Every now and then, we like to give you some insight in our development and the tools we use. This time, let’s have a look at Glimpse. Glimpse gathers and presents detailed diagnostic information about the behavior and execution of your web application. It’s like Firebug, but for the server.

Glimpse can be installed by installing the Glimpse.Mvc4 package. Different packages exist for different frameworks. Once installed, we can navigate to the /glimpse.axd file to enable/disable Glimpse on our development machine. The links on this page are also bookmarklets which can be used to turn on/off Glimpse. Once enabled, here’s what we see: a nice overview of important timings for our current page.

Glimpse toolbar

We are using Glimpse on our development machines to get some simple diagnostics at a glance.
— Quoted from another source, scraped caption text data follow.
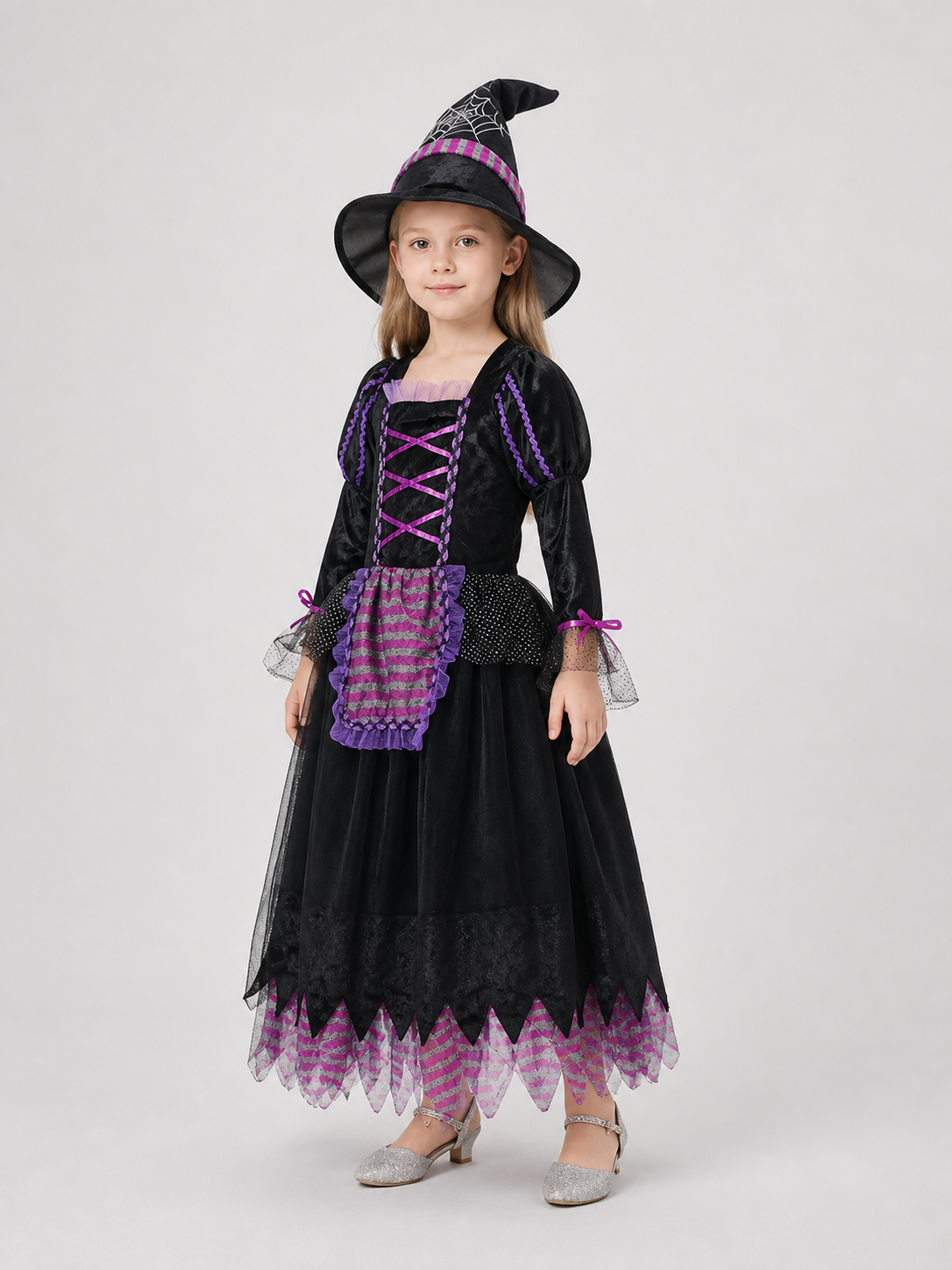 Children's Purple Witch Dress with Full Skirt and Hat side view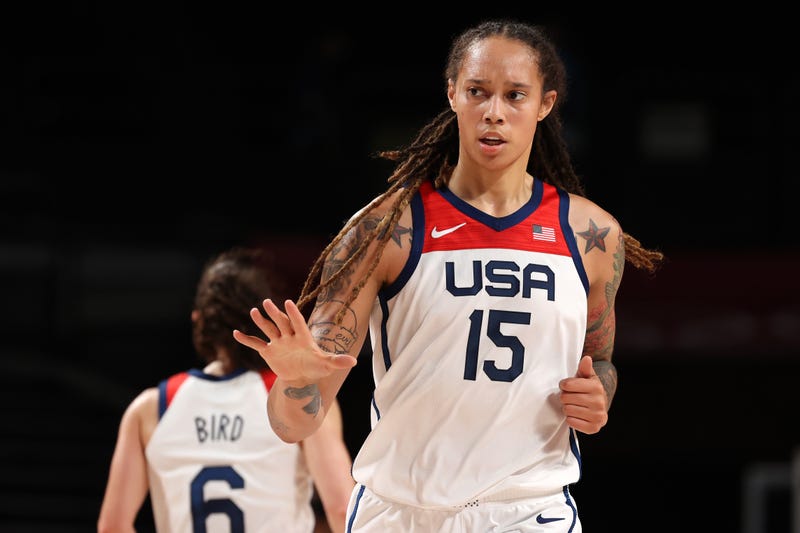 Brittney Griner #15 of Team United States reacts during the first half of the Women's Basketball final game between Team United States and Team Japan on day sixteen of the 2020 Tokyo Olympic games at Saitama Super Arena on August 08, 2021 in Saitama, Japan.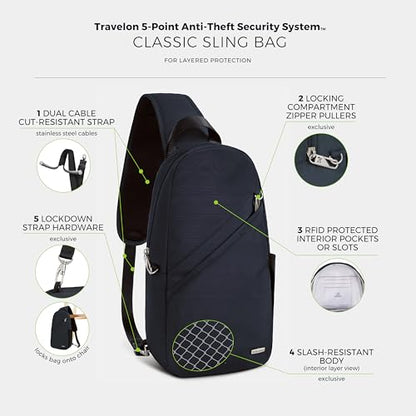 Travelon Anti-Theft Classic Sling Bag - color: Midnight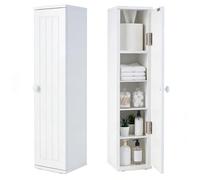 COSTWAY Lot de 2 Armoire de Papier Toilette sur Pied, Petit Meuble Salle de Bains avec 5 Compartiments, Étagères Amovibles, Meuble de Rangement Étroit, 17 x 16 x 69 cm, Blanc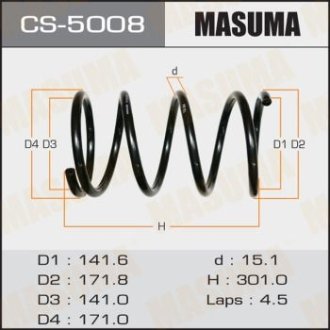 Пружина подвески передняя Honda CR-V (02-) (CS-5008) MASUMA CS5008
And the fun fact of the day: Glimpse uses MyGet to publish nightlies. Interested in what’s going on with that project? Add their nightlies feed to Visual Studio through the Package Manager Console:

Install-Package DiscoverPackageSources
Discover-PackageSources -Url "https://www.myget.org/gallery/glimpsenightly"

 

From then on, you can add Glimpse from their nightlies feed. We’ve used these nightlies in the past weeks and discovered their new HUD (head-up-display) feature in there as well as a new look-and-feel for the Glimpse client.

We can click the Glimpse toolbar and explore our request. For example, we can fetch a list of all actions and attributes that are being executed in ASP.NET MVC:

ASP.NET MVC Pipeline

A complete timeline of our requests is available as well:

Glimpse request timeline

We are also able to intercept and debug AJAX requests. If you are using Entity Framework or ADO.NET, expect to see your queries in here. If you’re developing mobile web applications, expect to be able to intercept remote calls as well. And the best thing: this is open source!

Happy packaging! And happy Glimpsing!